Apart from having several memory controllers, with the aim of alleviating the huge memory access latency, the memory is organized in channels, banks and ranks to enhance memory access parallelism. Memory channels are the mean that interconnects the memory controller to the memory chips, that is, a memory controller can issue as many commands concurrently to main memory as number of memory channels. A memory bank holds a set of rows also referred to as memory pages, which expand through multiple devices that are accessed at the same time (not shown for clarification purposes).

On the arrival of a command through the channel to the corresponding bank, the bank is accessed and the channel is released until the data is available at the row buffer (bank output). Thus, assuming that a channel transaction lasts one cycle, the memory controller can issue two distinct requests through the same channel in two consecutive bus (channel) cycles if they target different memory banks (i.e. no bank conflict arises). If two requests target the same memory bank, the memory controller will stop the second one until the first one is completed.
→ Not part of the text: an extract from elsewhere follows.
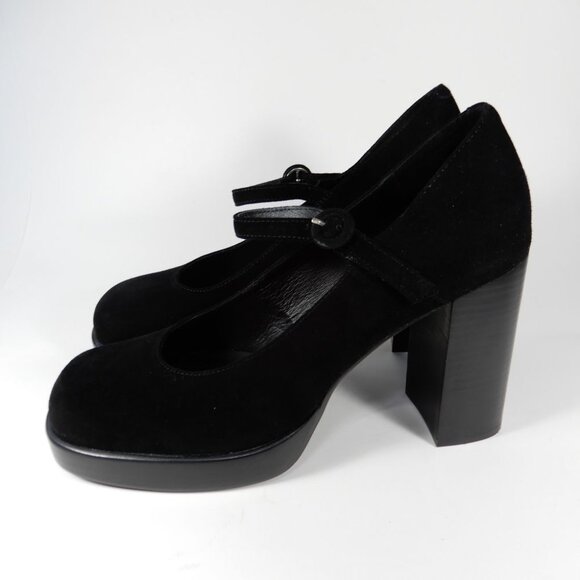 JEFFREY CAMPBELL Kenzley Platform Mary Jane Pumps Heels Size 10 Black Suede NEW - Picture 12 of 12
Finally, banks in a channel can be organized in different ranks. Each rank corresponds to an independent set of devices. Thus banks in different ranks can be accessed in parallel. Thus increasing the number of ranks increases the potential bank level parallelism.

### 3 Dependencies among the Two Major Subsystems

The system performance and energy consumption depend not only on the individual performance of each subsystem, but on how subsystems interact among them.

The number of cores in each memory domain is, in general, a key design issue, since it affects costs, energy, and performance. Performance of the memory controller can be expressed in terms of latency and throughput. Increasing the number of memory controllers reduces the number of cores in each memory domain, thus the number of access conflicts due to accesses to the same main memory bank is also reduced. In other words, a higher number of memory controllers supports by design a higher level of memory access parallelism. This means that the larger the core counts, the higher the number of memory controllers required for a given memory controller performance. On the other hand, the main memory cost represents an important fraction of the overall system cost [Hennessy and Patterson(2012)].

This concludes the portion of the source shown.